▸ What is required
One part of the entries below is wanted: the lines from the one containing "Bild 4 Mitsubishi" through the one containing "historisches Eingangstor und". Write those out exactly and nothing else.

▸ Provided information
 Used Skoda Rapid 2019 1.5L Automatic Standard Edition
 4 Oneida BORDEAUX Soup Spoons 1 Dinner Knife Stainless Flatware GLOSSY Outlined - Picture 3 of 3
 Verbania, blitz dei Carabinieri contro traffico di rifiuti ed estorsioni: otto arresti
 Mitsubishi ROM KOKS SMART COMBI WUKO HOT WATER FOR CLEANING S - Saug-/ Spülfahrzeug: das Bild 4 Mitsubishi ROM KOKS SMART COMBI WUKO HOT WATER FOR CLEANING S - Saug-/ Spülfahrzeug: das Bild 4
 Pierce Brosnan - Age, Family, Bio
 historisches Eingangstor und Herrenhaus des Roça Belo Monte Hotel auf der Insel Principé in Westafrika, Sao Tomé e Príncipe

==

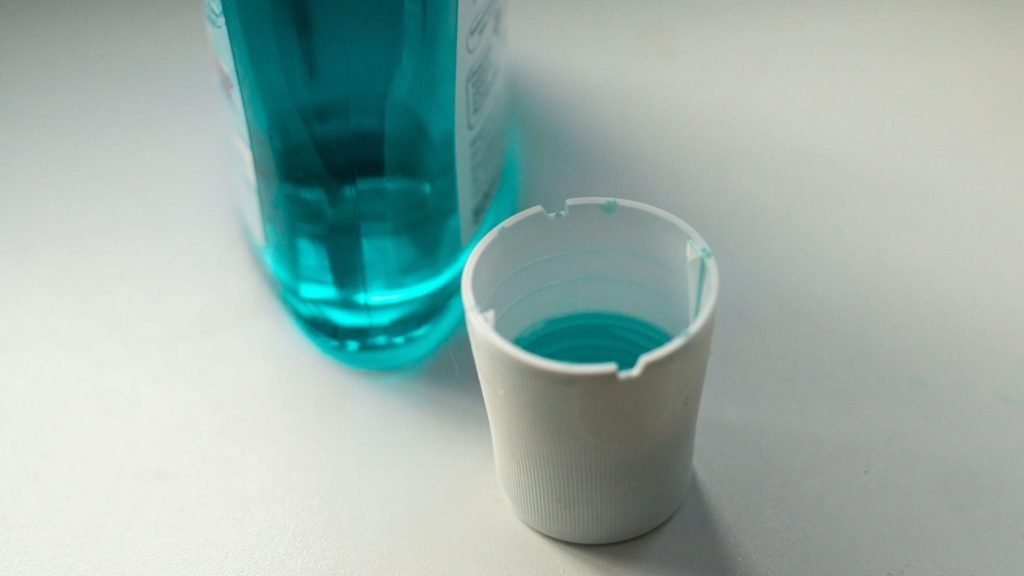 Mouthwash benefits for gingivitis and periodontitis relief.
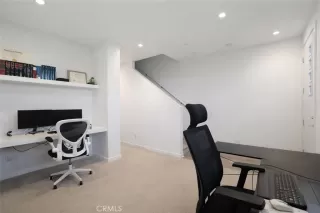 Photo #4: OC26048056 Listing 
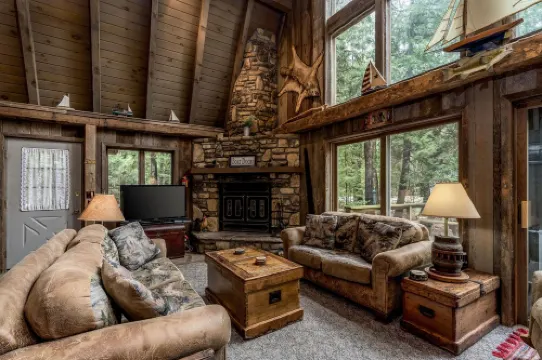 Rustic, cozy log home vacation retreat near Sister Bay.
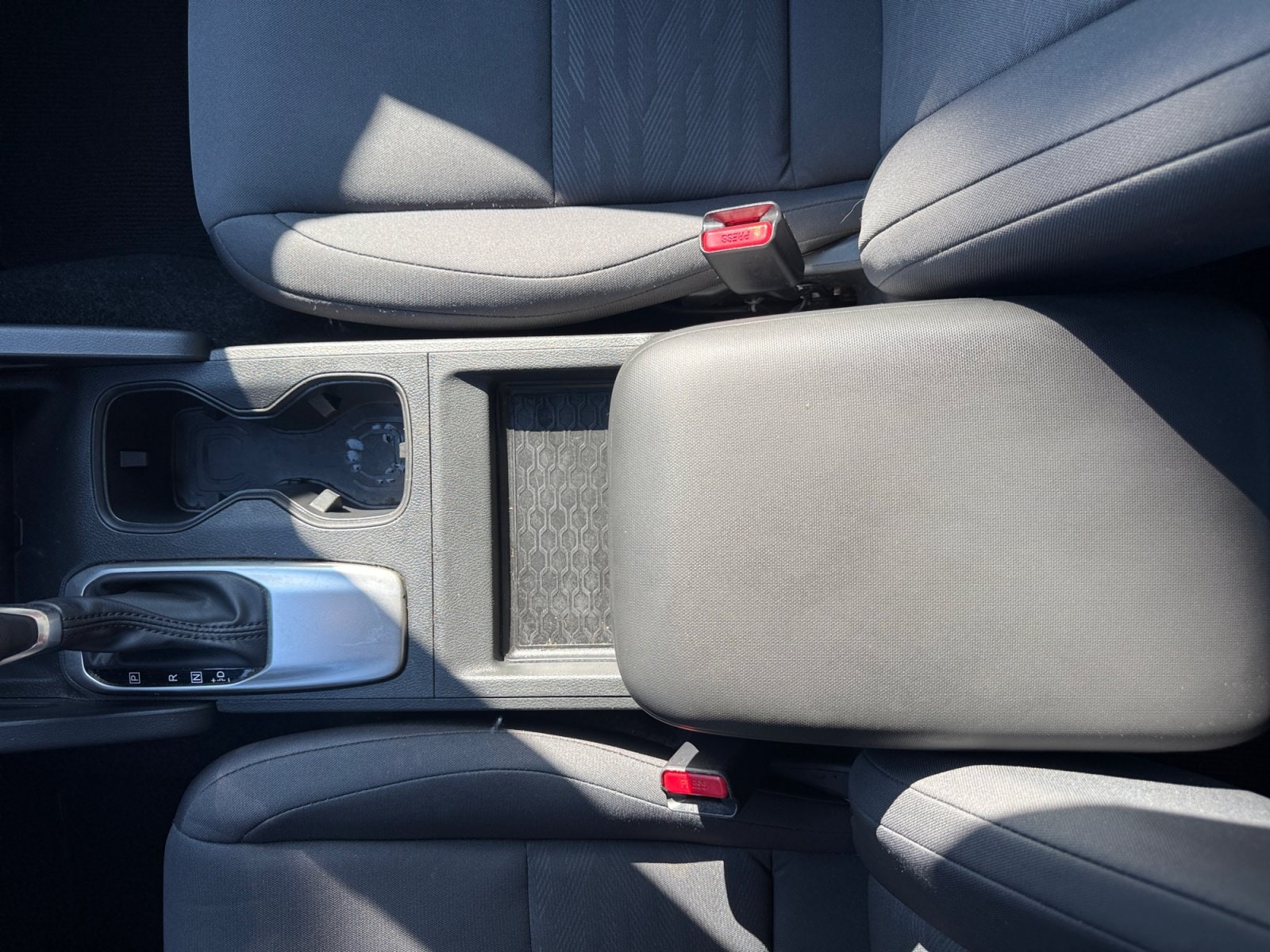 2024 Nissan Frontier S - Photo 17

▸ Result for this exercise
 Mitsubishi ROM KOKS SMART COMBI WUKO HOT WATER FOR CLEANING S - Saug-/ Spülfahrzeug: das Bild 4 Mitsubishi ROM KOKS SMART COMBI WUKO HOT WATER FOR CLEANING S - Saug-/ Spülfahrzeug: das Bild 4
 Pierce Brosnan - Age, Family, Bio
 historisches Eingangstor und Herrenhaus des Roça Belo Monte Hotel auf der Insel Principé in Westafrika, Sao Tomé e Príncipe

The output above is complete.